The unruliness of the ocean and of love – or, let’s just say, emotional life altogether – has been linked at least since antiquity, when Venus, the goddess of love in Western mythology, was famously born from the sea. In Pipilotti Rist’s work, we move up and down through the surface of the water – the symbolically and psychologically charged membrane between visible and invisible terrain. The video is filmed in relatively shallow water, but emotionally, it takes us into the deep end. “No, IIIIIII DON’T WANNA FALL IN LOVE!!!” The chorus of the song is structured as a classic ‘call and response’, in which the choir’s reply is repeated like a mantra: “This world is only gonna break your heart”. Heartbreaking. However, as the desperation increases through Rist’s reworking of the poppy readymade, it tips into a caricature of itself and becomes comical, only to end abruptly with the song’s tragically devastating final line: “Nobody loves no one…” The end. And then it starts all over again, in an endless loop.

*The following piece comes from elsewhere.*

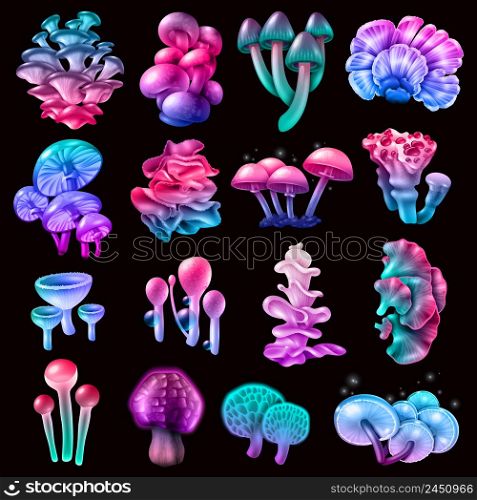 Colorful magic mushrooms of different shape with sparkles, bubbles, droplets, collection on black background isolated vector illustration. Colorful Magic Mushrooms Collection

When Pipilotti Rist created the work in 1996, she was reportedly not entirely sure whether a video installation of this kind would qualify as visual art, and whether she should consider herself a visual artist. When Maiken Bent encountered the work a few years later, it became the immediate inspiration for her to become an artist herself as soon as possible! In this exhibition, the two artists are brought together in a charged space and an intimate dialogue, grounded in that pivotal encounter and in the sea as an infinite mirror and reservoir for our existential questions.
In Sip My Ocean, two identical video sequences are mirrored in a corner, creating the effect of a colourful Rorschach plate in motion. Mirroring is also a fundamental principle and leitmotif in the exhibition’s three new works by Maiken Bent, all of which are based on familiar objects connected to water. Water-related objects and their broad symbolic scope are a consistent feature throughout Bent’s practice, where the sculptural starting point is always pre-existing objects sourced from hardware stores, sports shops, or marine equipment stores. The emotional potential of the everyday objects is analysed and released through subsequent adaptations and combinations with other objects, resulting in condensed statements where objects familiar to us and our bodies approach us anew with surprising psychological depth.
Two swimming pool ladders mirror each other like skeletal creatures rising proudly, yet dazed. Soft fenders in protective yet restrictive cages form a symmetrical pair on the wall, eyeing each other like scarred torsos, separated yet connected. An empty boat cradle is mirrored around its own axis on the floor, waiting, full of the absent narrative of a ship that has sailed away with someone.
In all the works, different parts are connected by hoses and chains that simultaneously form solid circuits and nervous entanglements. Each sculpture maintains a quiet yet dramatic tension between something upward-striving and buoyant, and something heavy and anchoring – with weights, carabiners, and unbreakable chains – precisely capturing the ambiguous zone around the surface of the water. The symmetrical, psychosomatic sculptural bodies lean into and away from each other, simultaneously dependent and independent. They can scream “No, I DON’T WANNA FALL IN LOVE!!!” as much as they want.